NBA

GMs tab Nets as most improved in NBA

The Nets will be the NBA’s most improved team this season and the Knicks are fun to watch. And while both teams are given an equal chance to serve as second-place doormats to the Celtics in the Atlantic Division, neither team is given a shot to bring the championship home to New York.

So say the NBA’s 30 general managers in their annual preseason survey, which overwhelmingly forecasts the Heat to win a second straight title. The Heat are the landslide choice to repeat as Eastern Conference champion: Twenty-nine of 30 GMs pick Miami with one lone voice selecting Boston. In the Western Conference, 60 percent opt for the re-made Lakers with 36.7 percent staying with 2011-12 finalist Oklahoma City. One GM selected the Nuggets.

For the Finals, 70 percent pick the Heat to win and 23.3 percent go with the Lakers.

The Heat’s LeBron James (66.7) is favored to win the MVP ahead of Kevin Durant (30.0) — down from 37 percent of the vote last year — and the Knicks’ Carmelo Anthony (3.3), who received one vote. James also was the hands-down choice in the categories of the first player picked for a new franchise and the player who forces the most adjustments.

The divison winners, in the eyes of the GMs: Celtics, Pacers, Heat, Spurs, Thunder, Lakers.

The Nets, who posted a 22-44 (.333) record in the lockout-shortened season, are the choice of 62.1 percent of the execs to show the biggest gains, followed by the Lakers and Timberwolves in a tie for second. New Orleans, with No. 1 overall pick Anthony Davis in the fold, is fourth.

The Lakers’ offseason moves are seen as the best with the Nets’ maneuverings a distant second. The Thunder are the most fun team with the Knicks seventh.

The Knicks placed in several categories, one not especially favorable. GMs saw the team’s reluctance to match Jeremy Lin’s offer sheet as the third-most surprising move of the offseason, right behind Steve Nash landing with the Lakers and the mega-trade involving Dwight Howard (now a Laker), Andrew Bynum (now a Sixer) and Andre Iguodala (now a Nugget). The GMs voted equally on Ray Allen to Miami and Joe Johnson to the Nets as the fourth biggest surprise.

Iguodala (16.7 percent) was voted as the most underrated player acquisition in a category that had 17 different responses, including Marcus Camby to the Knicks.

GMs rated Tyson Chandler (10 percent) as the NBA’s third best interior defender behind runaway leader Howard and the Thunder’s Serge Ibaka. Carmelo Anthony was tied for fourth — with Dwyane Wade of Miami — at being the best creating his own shot, behind the trinity of Kobe Bryant (40 percent), Durant (30 percent) and James (16.7 percent).
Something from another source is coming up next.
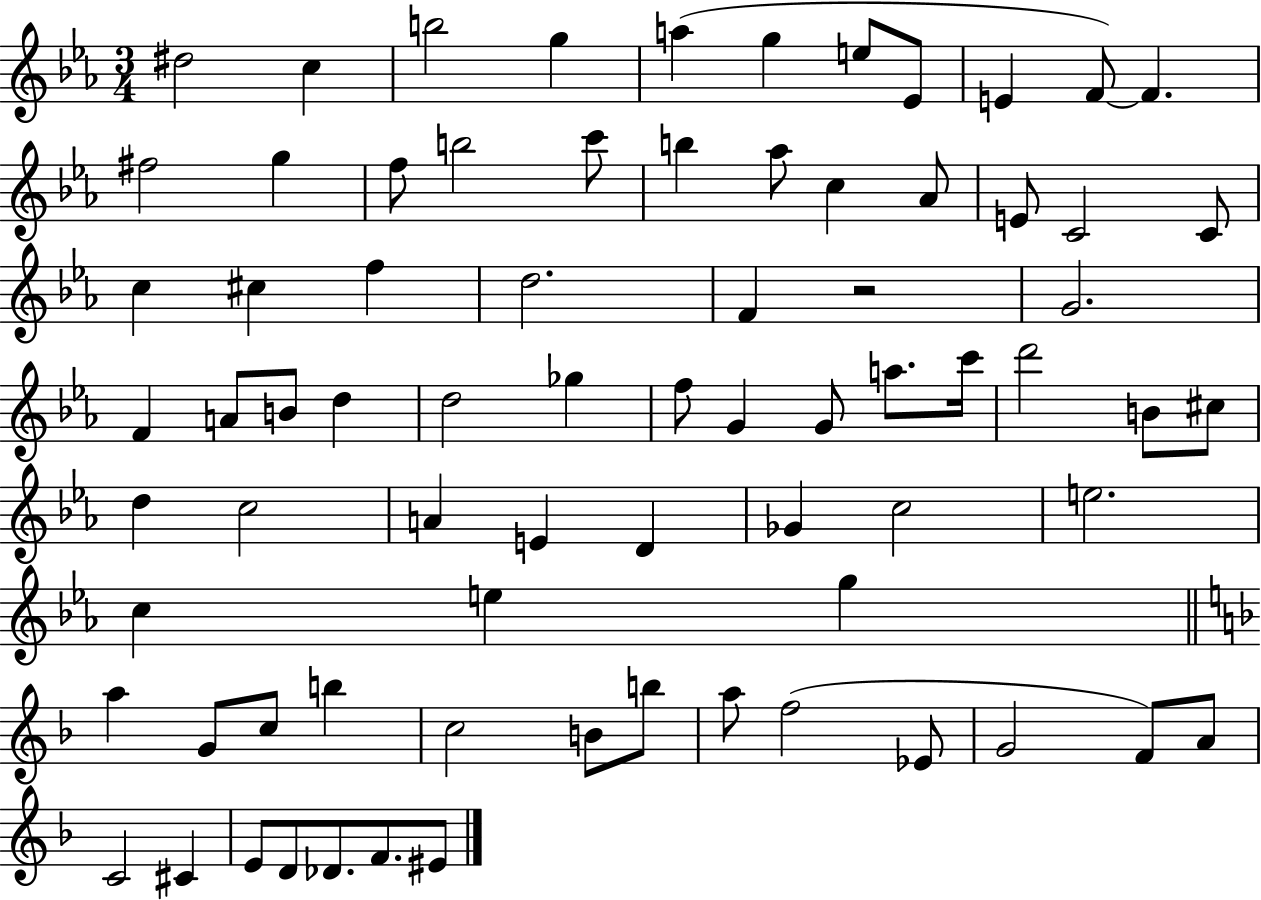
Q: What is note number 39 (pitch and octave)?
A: A5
Anthony also was a distant third, behind Durant and Bryant, as being the choice to shoot with the game on the line.

Elsewhere, Brooklyn’s Reggie Evans tied for third in the tough-guy category, Knick Steve Novak placed third for pure shooting and new Knick Jason Kidd finished as fourth most likely to become a head coach.

The best by position: Chris Paul replaces the injured Derrick Rose at point guard, Bryant at shooting guard, James at small forward, Minnesota’s Kevin Love at power forward over last year’s co-selections, San Antonio’s Tim Duncan and Laker Pau Gasol, and Howard at center. Paul was tabbed the best leader, Nash the best passer and San Antonio’s Gregg Popovich the best coach.